NOTE: We DO NOT recommend for someone with a bad credit record OR a bad spending habit to opt for this option! New credit cards should only be opened if you’re responsible with your finances.
AIRLINE PASSES: Another option is airline passes. In 2005 when we traveled through South America for 3 months, we opted for a LAN South American pass + TAM Airlines Brazilian pass. We learned that many top airlines offer something similar. We’ve heard of Cathay Pacific offering an Asian Air Pass.

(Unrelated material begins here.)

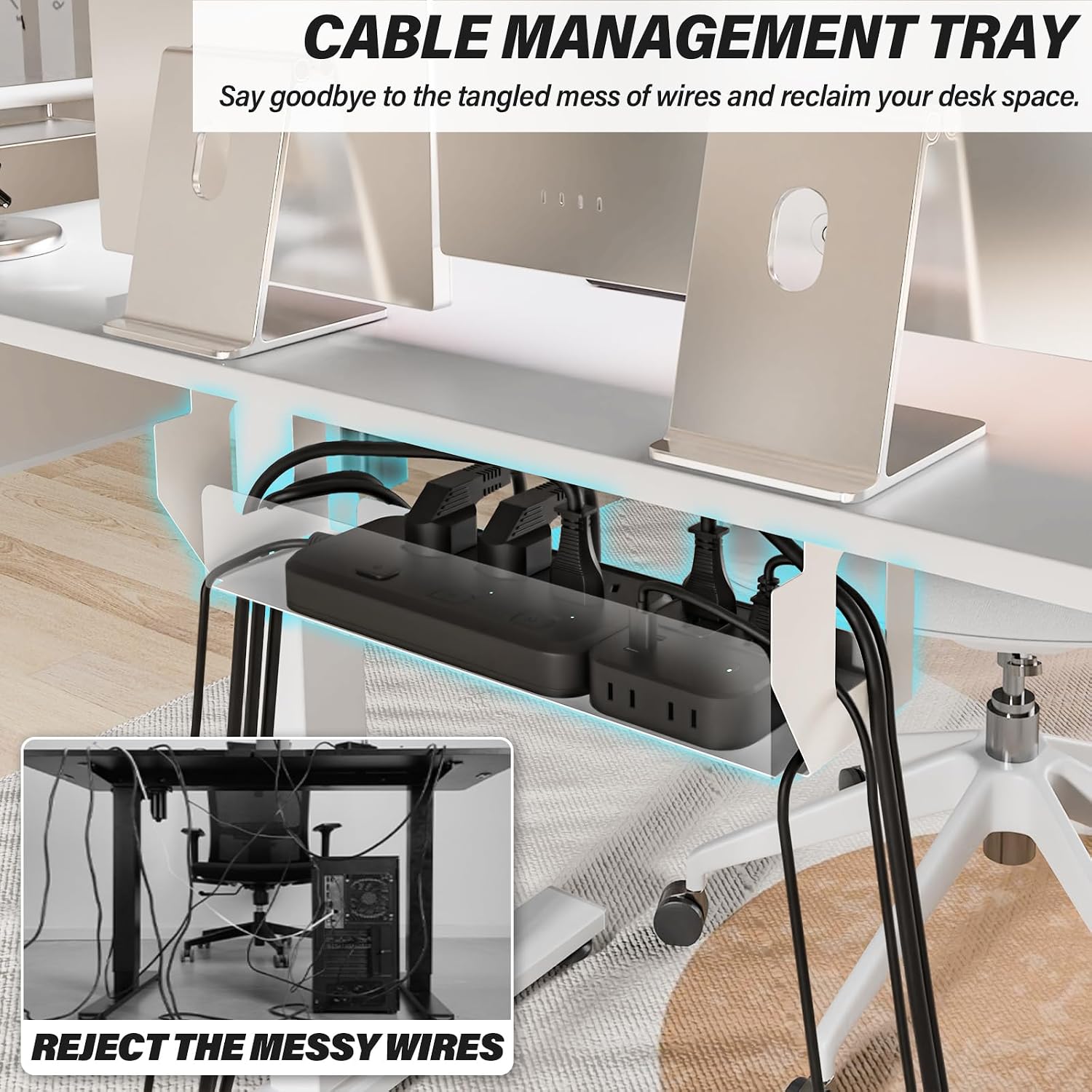 Kingant Standing Desk Height Adjustable Small Electric Stand Up Desks [32 x 24 Inch] - Ergonomic Sit Stand Desk Rising Desks for Home Office Computer Desk Stand Desk Workstation with Cable Management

Usually the way the air passes work is that you must fly with the airline into the region of interest. They required that we flew into South American with LAN Airlines to use their pass. We used LAN from Miami to Bogota. Once that was confirmed, we purchased the air pass which gave us flights at 25% the real cost. Sara and I flew from Bogota-Lima-Cusco-Puno-Buenos Aires-Bogota for $900/person + the $300 Miami-Bogota-Miami. Using the TAM Air Pass, we had to fly into Brazil with TAM airlines. We flew the Buenos Aires-Foz Iguazu & Rio de Janeiro-Buenos Aires for $220 each. We then flew Foz Iguazu, Natal, Recife, Salvador, Fortaleza, Rio de Janeiro for $500 each person.

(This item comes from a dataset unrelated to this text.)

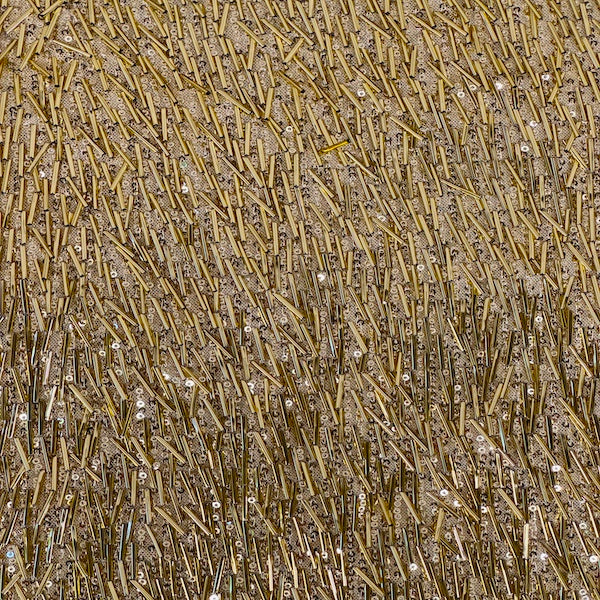 Gold French Fringe Sequins Fabric - Sold By The Yard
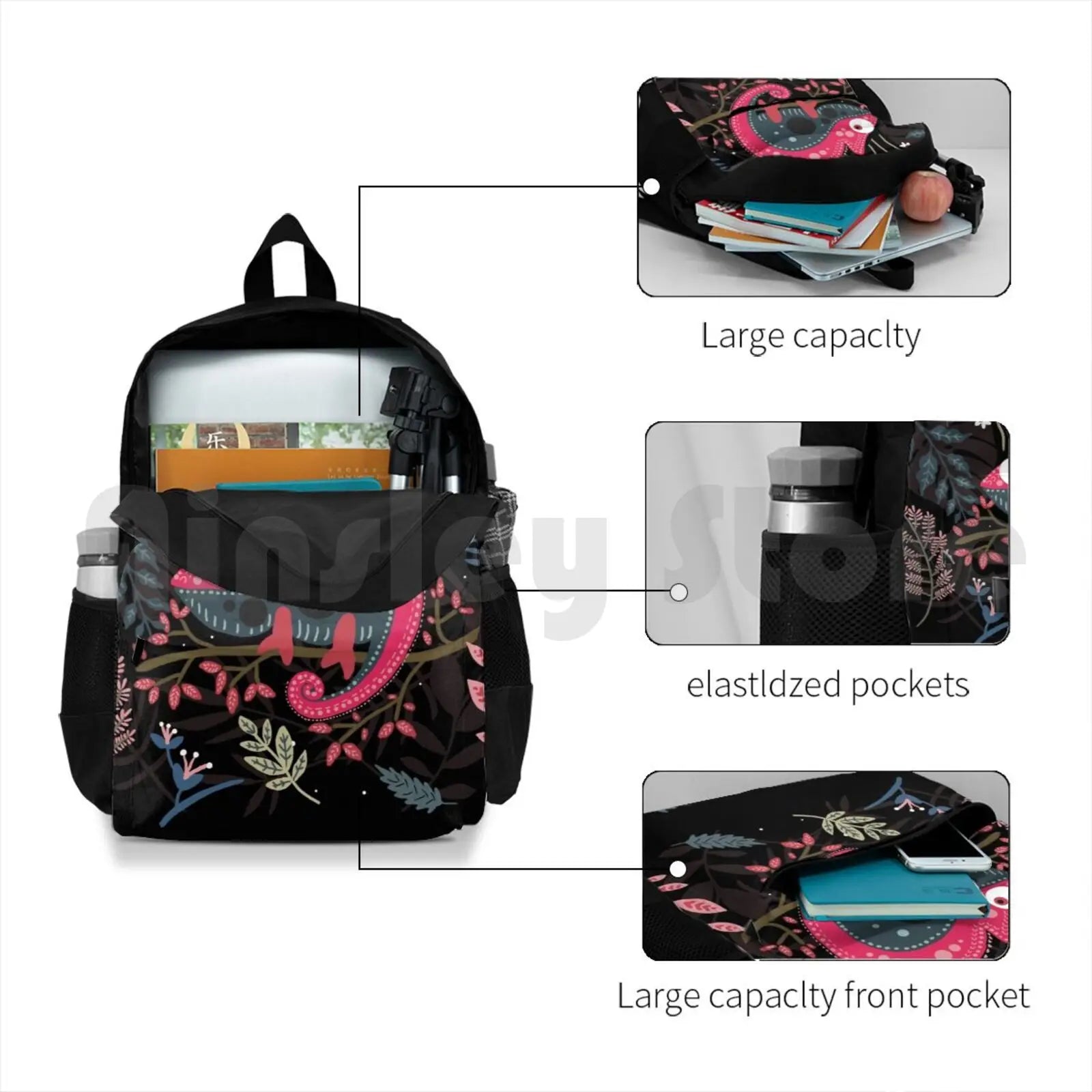 Pink Chameleon Flowers Outdoor Hiking Backpack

So basically for 15 flights we spent $1,920 each, that’s an average of $128/flight!
Unless you opt for miles or an air pass, booking in advance is the WRONG option.

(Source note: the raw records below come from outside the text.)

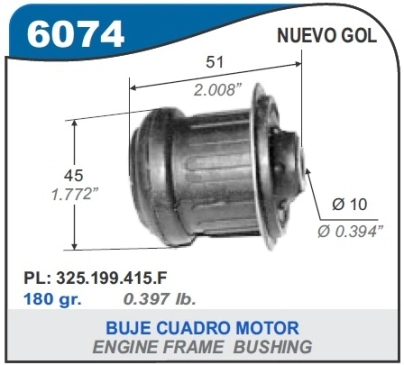 VW BUJE CUADRO MOTOR GOL / SAVEIRO - 97/... - DIAM. 10 MM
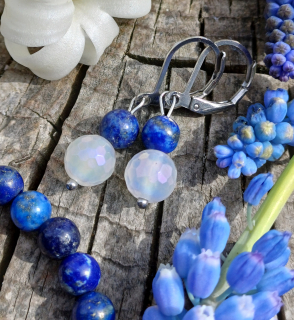 Lapis lazuli, achát aura náušnice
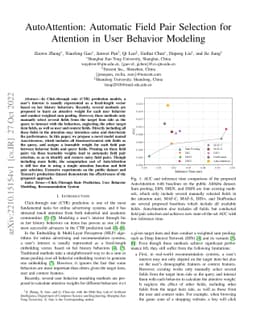AutoAttention: Automatic Field Pair Selection for Attention in User
  Behavior Modeling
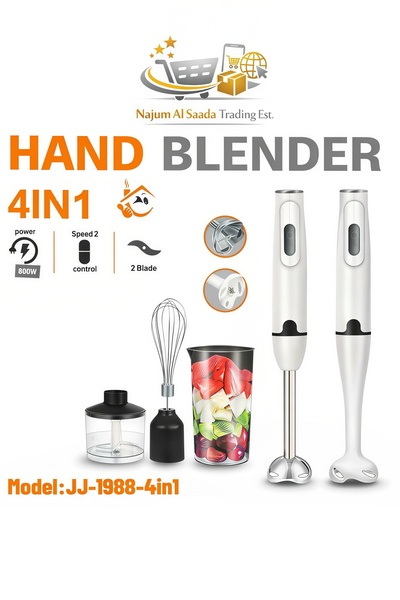 Generic 4-in-1 800W Electric Hand Blender with Chopper, 2 Speed Stainless Ste...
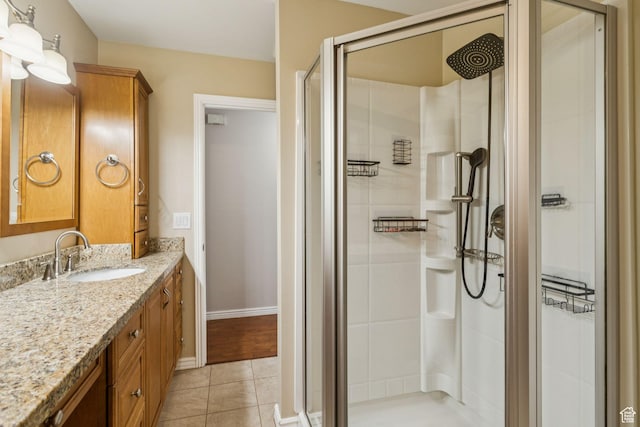 3285 W 6775 S, West Jordan, UT 84084 - full bathroom with vanity, a shower stall, and tile patterned flooring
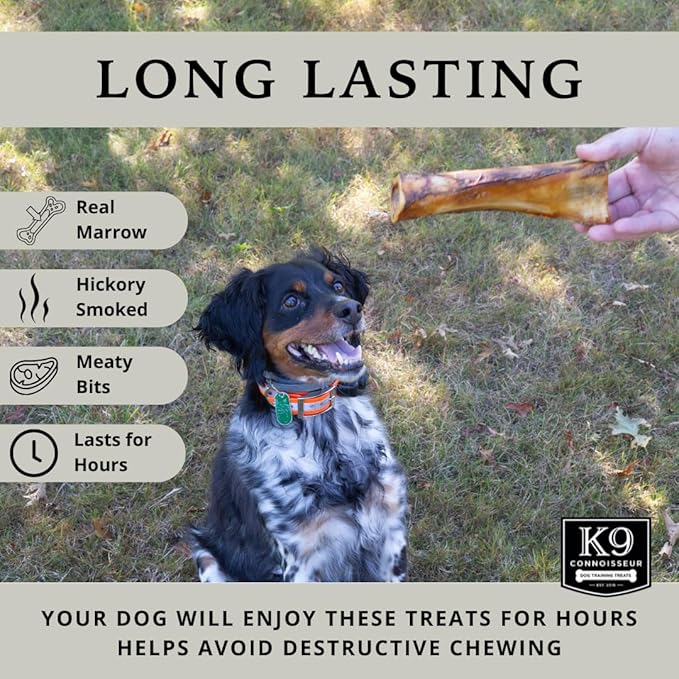 K9 Connoisseur Beef Marrow Large Dog Bones Long Lasting for Aggressive Chewers - USA Made Single Ingredient Champ Bones for Large Dogs Over 50 Pounds - 3 Pack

Even though it makes sense financially to book in advance, this option might be the wrong one if you would like ultimate freedom with no set itinerary and set dates. One of the rules we really don’t like with our around the world ticket is that our route is defined and it cannot be changed. We can change our dates (if there is availability) but that’s it!
2. Book flights as you go
If you want ultimate freedom, booking as you go is the ideal choice of travelers we’ve met. Dan, a young American guy we met on a potential 10 month trip, has no idea where he’s off to next, maybe China, maybe Vietnam, or maybe Indonesia. It will depend who he meets on the road, what book he’s reading, or what type of food he wants to eat. I’ve met a guy that jumps around the world like it’s taking a 1 hour drive. One day he’ll be in Siam Reap and the next he’ll be in Serbia followed by Buenos Aires. How do they do it?
- Fly between Tuesday and Thursday
- Book new routes airline companies open up, usually these segments are discounted by more than 50%. I once flew from LAX to Guatemala for $90 when Spirit Airlines opened that market. Another friend of mine went from NYC to Iceland for $99 on Air Lingus
- Do a simple google search: “cargo travel” or “last minute budget travel” … go through the list of links and get rid of the junk to find the jewels
- Look for discounted airlines. In the USA you have Southwest, Jetblue, or Virgin America. In Asia you have Air Asia, Tiger Air, and a few others. In Europe you have Easy Jet or Ryan Air with a few new ones opening up. I have yet to find one similar in South America and if you know of one, please share it! I’ve flown with Southwest for $99 from LAX to MIA or with Air Asia from Chiang Mai to Kuala Lumpur for less than $100 or Phuket to Bali for less than $60! Friends have flown within Europe for less than $15 for a 2 hour flight!
- Go by land instead of flying — sometimes getting from point A to point B costs $20 by land instead of $200 … it might take a bit longer but you get to see the country side and maybe you’ll meet some strangers that become life long friends
Booking flights as you go also means that you get to save miles for that extra trip. We have 100,000 points with British Airways and we were able to use 18,000 of them to fly from Madrid to Ibiza for less than $70 for both of us.
The downside of booking as you go is that sometimes you get stuck buying an expensive ticket because of x, y, z reason. We had to buy a ticket from Ankara to Tehran close to $600 since we were not flexible with the dates. We could have paid $300 if the timing was right. Another downside of booking as you go budget style is that you might spend long hours at an airport, have 3 to 4 stops along the way, and you might pay for extras like luggage or seat assignments.
Regardless of how you do it, booking flights in advance or as you go, flights should not be a limiting factor for long term travel!